## What is needed:
Without the pictures, output all of the data exactly.

## Recorded data:
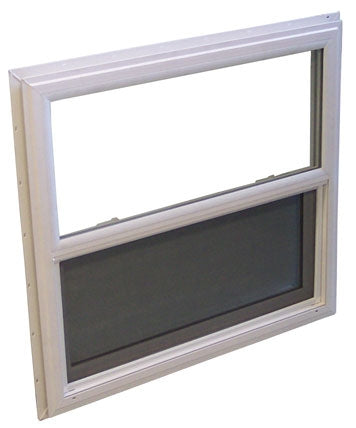 Kinro 30in White Vinyl Vertical Sliding Windows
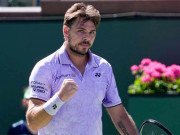 Thể thao - Indian Wells ngày 2: Wawrinka thắng ngày tái xuất, Murray vất vả ngược dòng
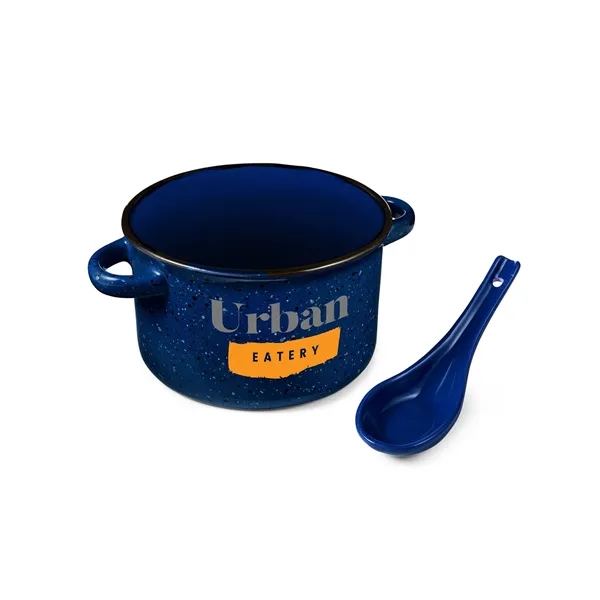Campfire 20 oz Ceramic Soup Bowl With Spoon - Campfire 20 oz Ceramic Soup Bowl With Spoon - Image 5 of 15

## Result below:
 Kinro 30in White Vinyl Vertical Sliding Windows
 Thể thao - Indian Wells ngày 2: Wawrinka thắng ngày tái xuất, Murray vất vả ngược dòng
Campfire 20 oz Ceramic Soup Bowl With Spoon - Campfire 20 oz Ceramic Soup Bowl With Spoon - Image 5 of 15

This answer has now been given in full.